53394.fb2
Именно здесь, в этом пристанище "духовных отцов", под "сенью церкви", мне казалось вполне правильным и уместным много говорить о мире. Приглашая в этот дом людей, стремившихся только к хорошему, я, разумеется, нисколько не злоупотреблял доверием моих хозяев. Правда, гости мои были далеки от церковной жизни, по все они тоже жили и работали для блага людей. Я дорожил каждым их приездом. Но главным моим занятием была работа над книгой.
Наконец осенью пришла пора вернуться в наш дом в Кемпфенхаузене, где меня ждала Гизела.
Тем временем Ведомство по охране конституции учинило обыск в мюнхенском бюро нашего комитета. Они не нашли того, что хотели найти, чтобы запретить нашу деятельность. Самой "криминальной" уликой оказалась газета "Шпортэхо", которая была конфискована. Покопавшись в наших бумагах добрых два часа, обнюхав все углы, шпики не могли скрыть своего разочарования незначительностью "добычи". В общем, подступиться к нам с этой стороны им не удалось. Да нам и нечего было скрывать. Обилие корреспонденции с различными спортивными союзами не давало повода к каким-либо придиркам. Поэтому через короткий срок наши противники изменили тактику.

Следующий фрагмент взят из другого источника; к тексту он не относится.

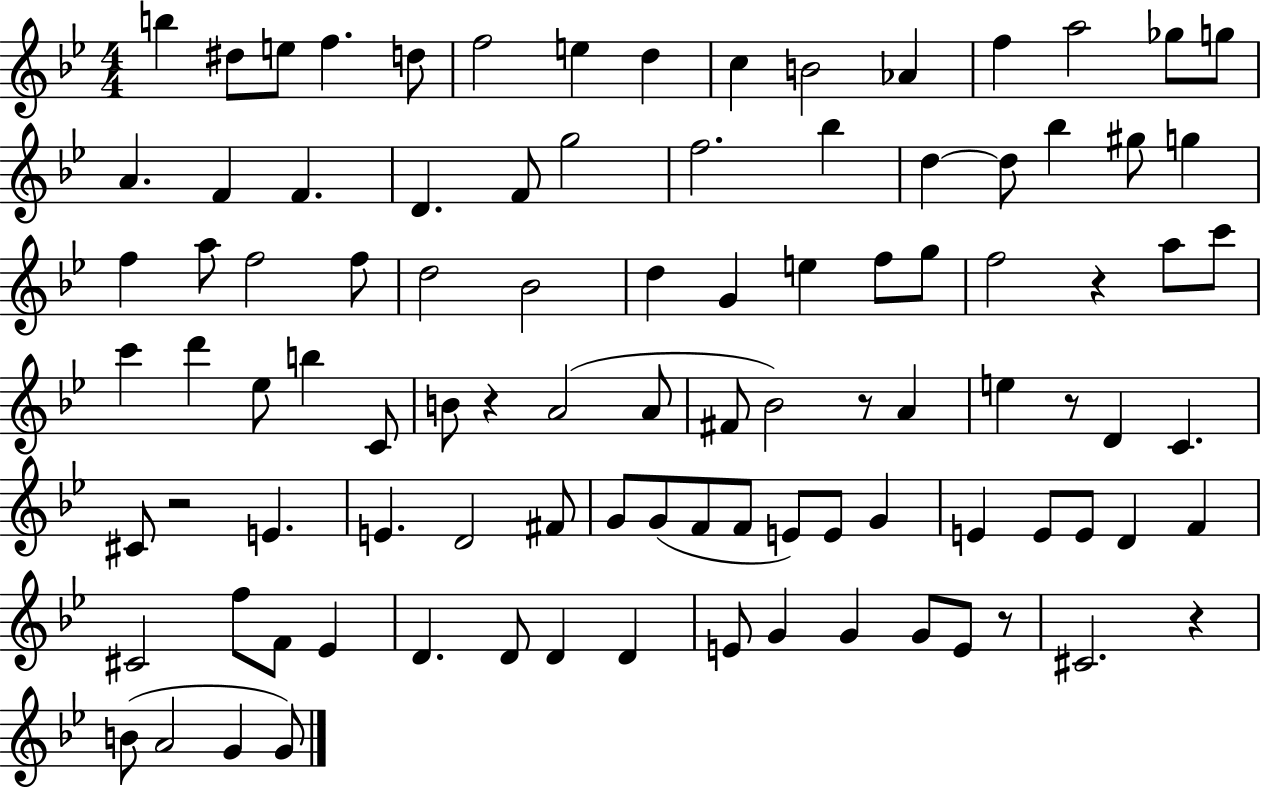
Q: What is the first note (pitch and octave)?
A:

Вскоре после описанного эпизода, в одно воскресное утро, наш делопроизводитель Вилли Хаас из города Заульгау, в прошлом известный метатель копья, попросил меня о встрече в кафе. Поздоровавшись с ним, я сразу обратил внимание на его взволнованный вид и беспокойные движения. С момента основания комитета мы с ним нашли общий язык, подружились и доверяли друг другу. И вдруг он заговорил так, что я усомнился, в своем ли он уме. "Требую с сегодняшнего дня удвоить мой оклад и увеличить командировочные, — сказал он. — Если ты против, то я провалю весь комитет и не посчитаюсь даже с тобой!"
"У тебя что — не все дома, Вилли?" — невольно воскликнул я.
"Я прекрасно понимаю, что говорю. Прошу дать мне ответ завтра, не позже полудня",— отрезал он, встал и, не простившись, ушел.
Мне очень не хотелось поверить, что кому-то удалось подкупить моего сотрудника, который с таким неподдельным энтузиазмом занимался своей деятельностью. Но никакое другое предположение не приходило мне в голову. Поставить такое бесстыдное требование по собственной инициативе он, конечно, не мог. Уж он-то лучше всякого другого знал о полной невозможности удовлетворить подобную претензию. Наш комитет существовал на пожертвования, регулярно поступавшие от частных лиц из спортивных союзов и даже от некоторых промышленников.
На следующий день все мои сомнения рассеялись. Вилли Хаас говорил какими-то неясными намеками, болтал о якобы существующих "замаскированных денежных источниках" и грозил скандалом. Я дал ему вволю выговориться и посоветовал поступить в точности так, как ему приказали. При этом я полагал, что он действует по указке Ведомства по охране конституции.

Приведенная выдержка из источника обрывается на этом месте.